Lucy the Elephant
Margate City, New Jersey
Lucy is the world's largest elephant, and the only one in America designated as a National Historic Landmark.
She was built in 1881 by James V. Lafferty, a real estate developer with a knack for promotion. Standing six stories tall, weighing 90 tons, covered with 12,000 square feet of sheet tin, Lucy was more than an object of awe -- she was a functioning building, serving first as a real estate office, then as a hotel, a summer home, even briefly as a tavern, until unruly drunks nearly burned her down. She also gave people a reason to come to Margate City while Lafferty gave his real estate pitch.
Lucy proved very useful. Jim L. made a bundle and went on to build other elephants in Cape May and Coney Island. Sadly, only Lucy has survived.

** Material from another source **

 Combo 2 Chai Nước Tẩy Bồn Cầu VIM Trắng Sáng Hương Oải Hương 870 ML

She nearly didn't. By the late 1960s, Lucy was an abandoned wreck on the verge of collapse. Happily, the citizens of Margate banded together and raised money to restore the proud pachyderm to her former glory. Now, thousands of visitors each summer tour Lucy's innards and buy post cards in her gift shop.

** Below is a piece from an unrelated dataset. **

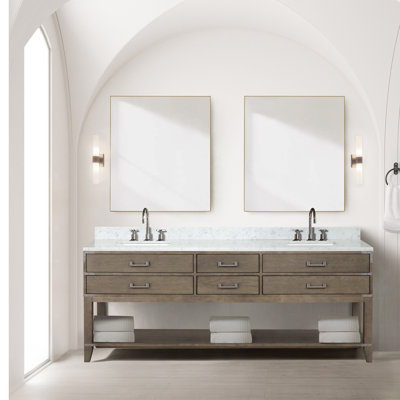 Grey Oak Double Bath Vanity 84 In. W X 22 In. D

For a small admission fee, the adventuresome can tour Lucy's innards, entering via a spiral staircase in one of her hind legs. See a video and some photographic displays of Lucy history. The tour climaxes with a stop in the open-air "howdah" atop Lucy's back. From here, one is offered a breathtaking view of neighboring high-rise condos, the parking lot, and the Atlantic Ocean. Still, her creator would be pleased at what Lucy started; an acre of beachfront in Margate City now commands seven figures.